Casino gambling in the Bay State is moving closer to reality.
Senate President Therese Murray told business leaders yesterday that lawmakers are working with state Attorney General Martha Coakley’s office to craft casino regulations that would be ready by the time expanded gambling is approved on Beacon Hill.
“We want to have a regulatory structure in place before a bill comes out,” she said. “I’m told that gambling brings certain types of crime, such as money laundering and gang activity.
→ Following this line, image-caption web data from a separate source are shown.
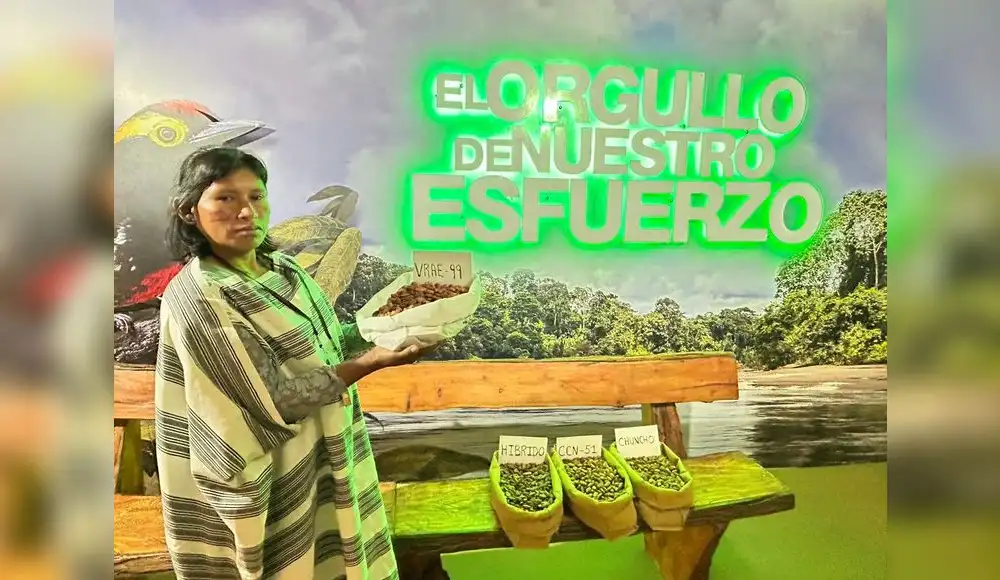 Cacao ecológico de comunidad nativa de Kirigueti del Bajo Urubamba destaca en feria internacional de Lima Cacao ecológico de comunidad nativa de Kirigueti del Bajo Urubamba destaca en feria internacional de Lima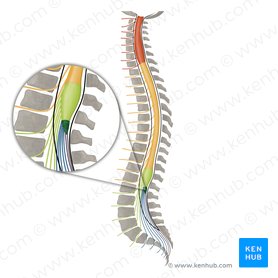 Cerebrospinal fluid flow: Anatomy and functions | Kenhub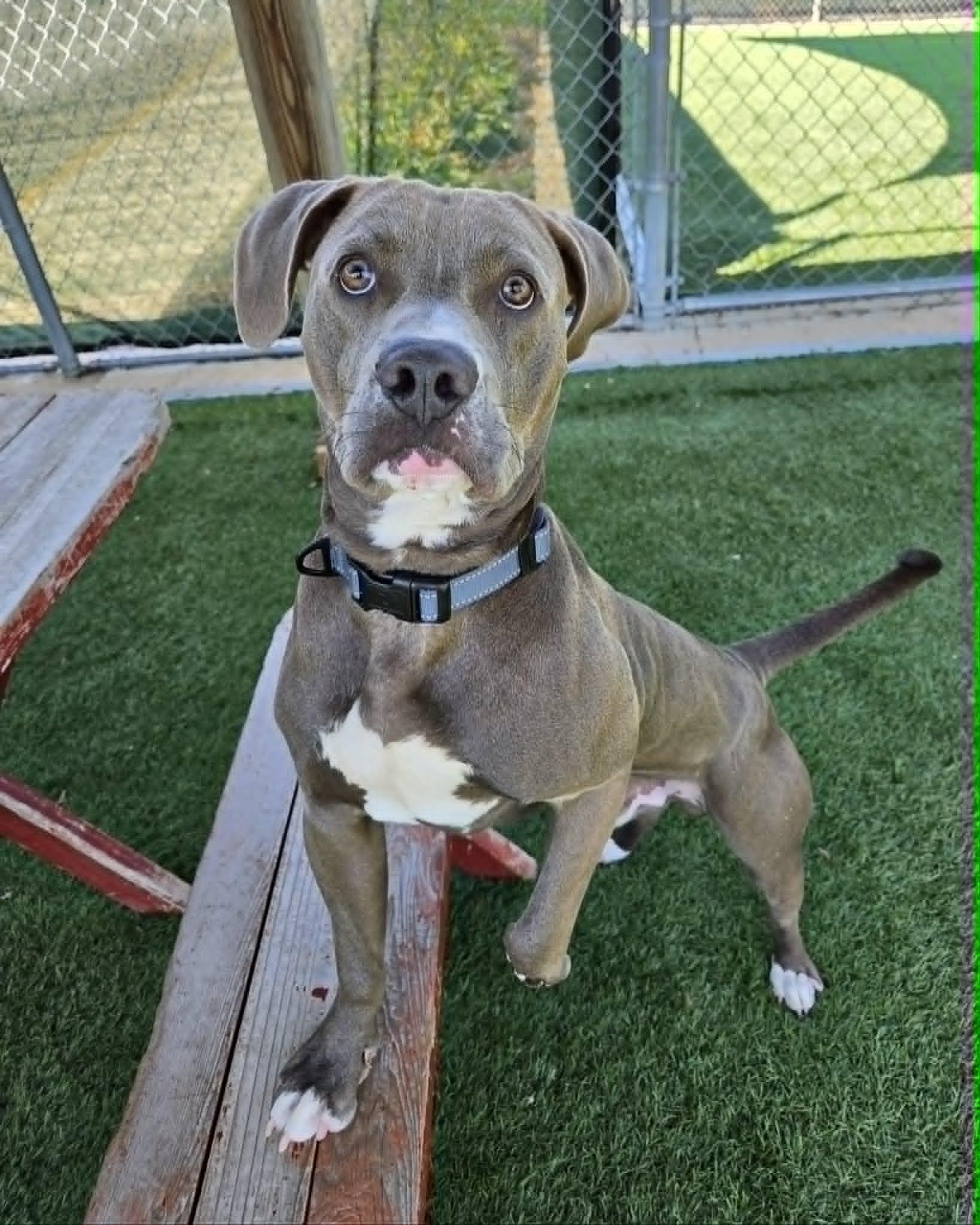 Enlarge Casserole Frank, a ADOPTABLE mixed breed in Sparta, WI image 6/6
We want to make sure that we have the regulatory authority to oversee whatever comes out of the Legislature.”
In April, Murray said that she, House Speaker Robert DeLeo and Deval Patrick had agreed to support expanded gambling legislation this fall.
Murray acknowledged that the discussions are under way despite the fact that Foxwoods Resort Casino in Connecticut laid off 67 employees this week and slot revenues are off.
“There’s still up to $900 million going out of the state to Connecticut and Rhode Island gambling facilities, and we’d like to capture that,” she said.
With consumers spending less money on gambling amid the economic downturn, Connecticut’s Division of Special Revenue reported that slot revenues at Foxwoods and Mohegan Sun have fallen by 7.5 percent to $736.4 million for the first six months of 2009 compared to $796 million for the same period last year.
Still, a recent study of gambling in Connecticut found that Foxwoods and Mohegan Sun have contributed nearly $5 billion to the state and municipal governments since 1992.
Last year, Massachusetts residents accounted for 31 percent of the patrons at Foxwoods and 17 percent at Mohegan Sun, according to the Center for Policy Analysis at the University of Massachusetts at Dartmouth.